- What is required -
Going from the top of the listing below to the line that holds "In most cases", reproduce each line exactly; no pictures.

- Dataset extract -
********************
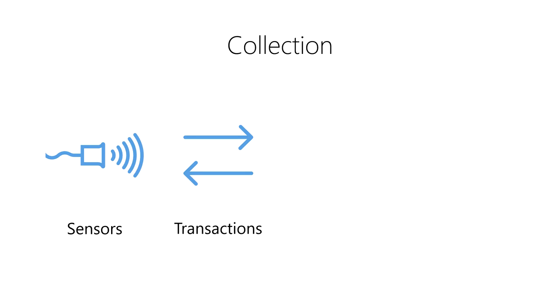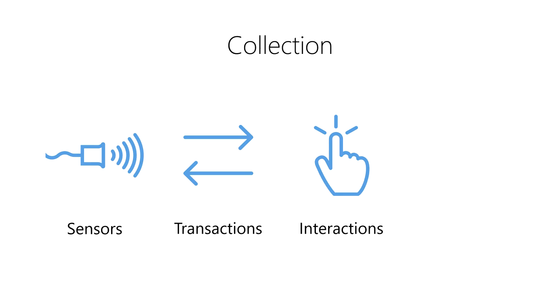We can also record human interactions with computer systems. For example, we can record website visits, advertisement clicks, and time spent browsing a webpage.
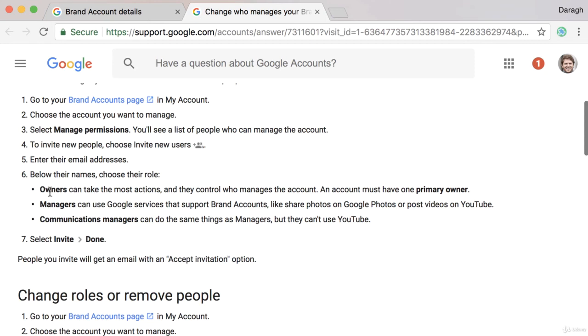In most cases though, an owner is going to be appropriate if you're leaving a company and you want to hand full ownership back to a colleague, or if you created a YouTube channel for a client and you want to hand it back to them. They can then afterwards remove you as an owner if they don't want you to have access.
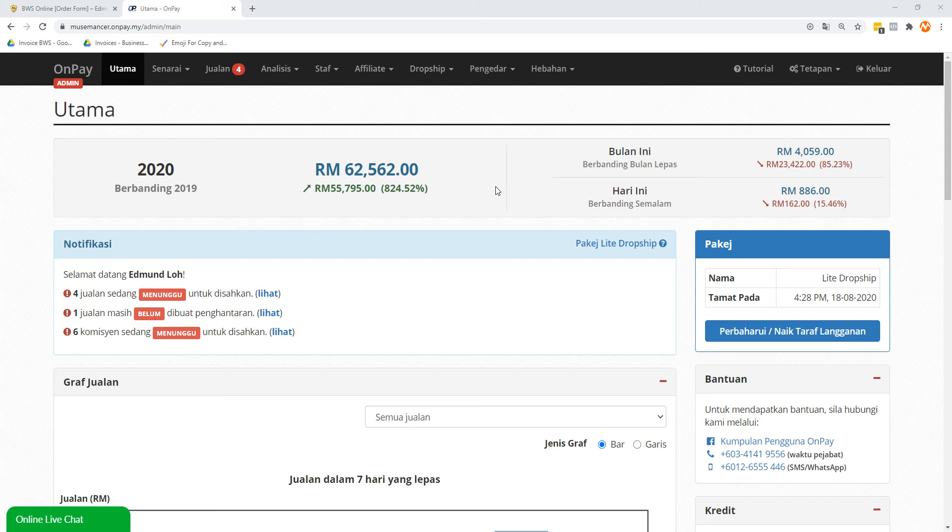Now, there are two things we need to configure. First is adding a product, and step number two is to add a form. Depending on your package level, you're going to realize that at different levels, there's a certain limit of forms you can add. Let's just go to this part really quick, just to show you.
********************
- Answer box -
We can also record human interactions with computer systems. For example, we can record website visits, advertisement clicks, and time spent browsing a webpage.
In most cases though, an owner is going to be appropriate if you're leaving a company and you want to hand full ownership back to a colleague, or if you created a YouTube channel for a client and you want to hand it back to them. They can then afterwards remove you as an owner if they don't want you to have access.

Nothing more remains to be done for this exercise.